_WHAT YOU HAVE TO DO:_
With pictures excluded, retype exactly every line from the one containing "Personalized Couples Matching" to the end of the records below.

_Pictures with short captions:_
——————

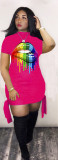 Digitally Printed Colorful Lip Tie Short Sleeve Cotton Dress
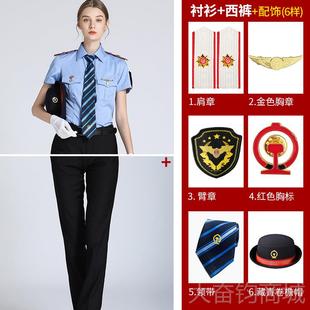 正品铁制工作服女士衬列车乘务员蓝色路衬衫长袖高铁衬衫工装铁服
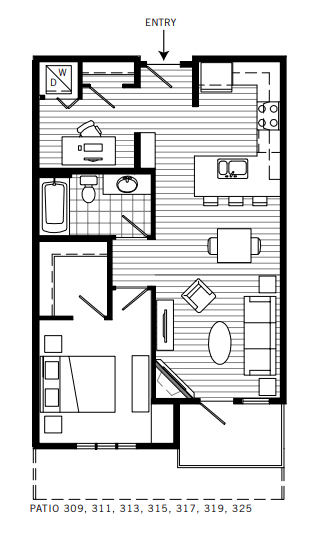 Floor plan for 1 bed, 1 bath, 732 sqft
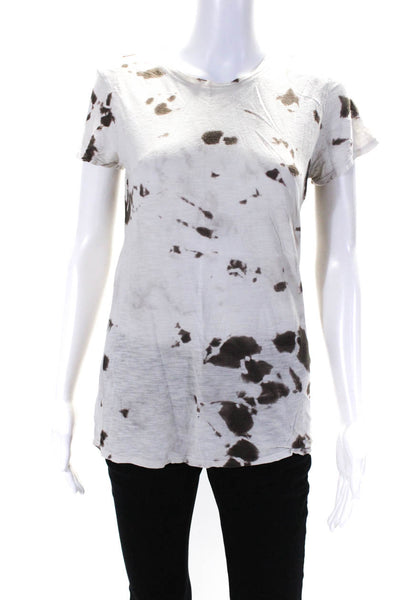 Vince Womens Short Sleeve Crew Neck Tie Dyed Tee Shirt White Brown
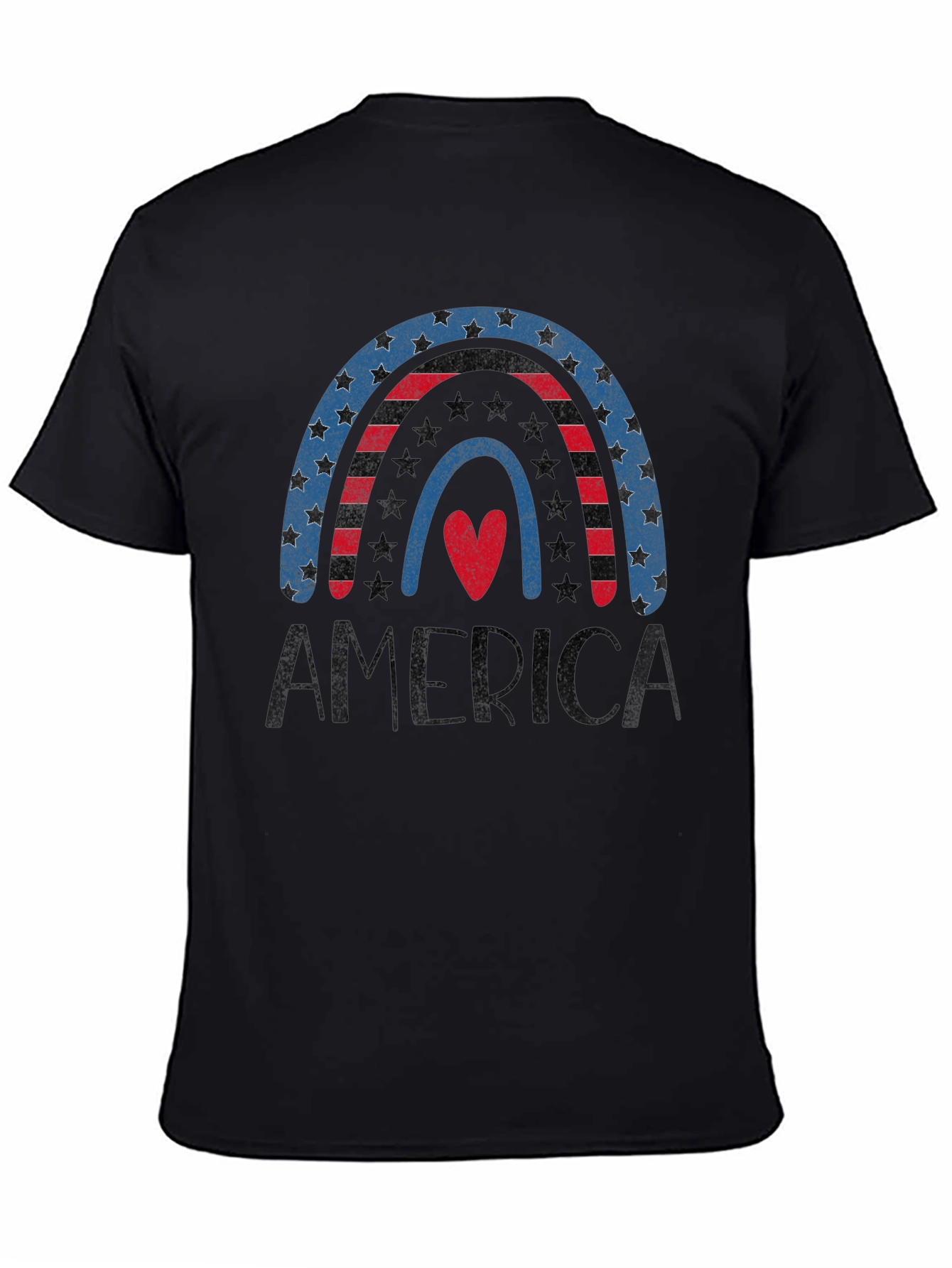 Patriotic America Rainbow Heart T-Shirt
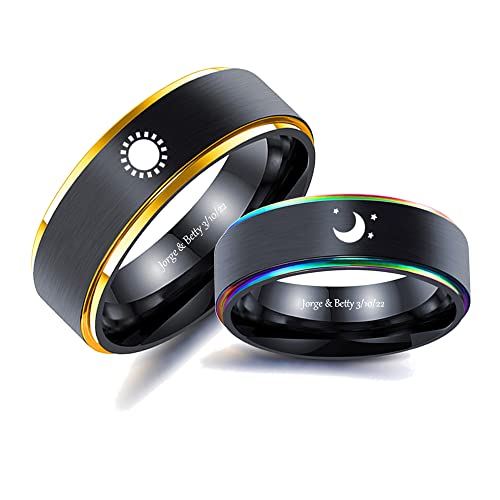 Personalized Couples Matching Rings Set for Him and Her Custom Name Rings for Couples Promise Rings for Couples Black Stainless Steel Wedding Rings Sets His & Hers Engagement Rings Christmas Gift Valentine's Day Jewelry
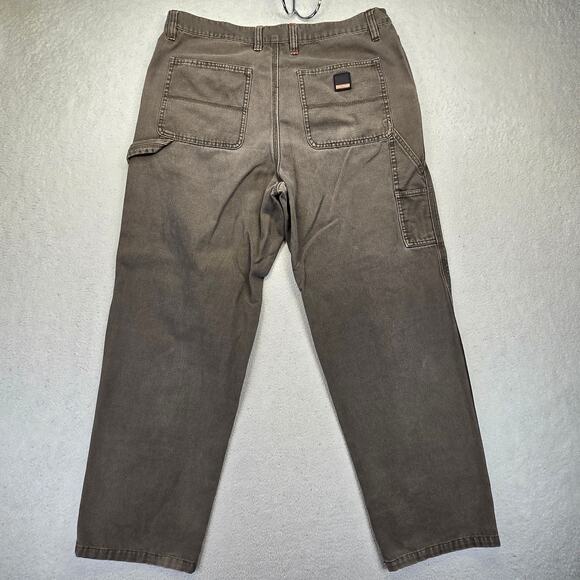 Craftsman Carpenter Pants Men 34x30 Brown Canvas Workwear Utility Skater y2k - Picture 4 of 12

——————

_ANSWER SPACE:_
 Personalized Couples Matching Rings Set for Him and Her Custom Name Rings for Couples Promise Rings for Couples Black Stainless Steel Wedding Rings Sets His & Hers Engagement Rings Christmas Gift Valentine's Day Jewelry
 Craftsman Carpenter Pants Men 34x30 Brown Canvas Workwear Utility Skater y2k - Picture 4 of 12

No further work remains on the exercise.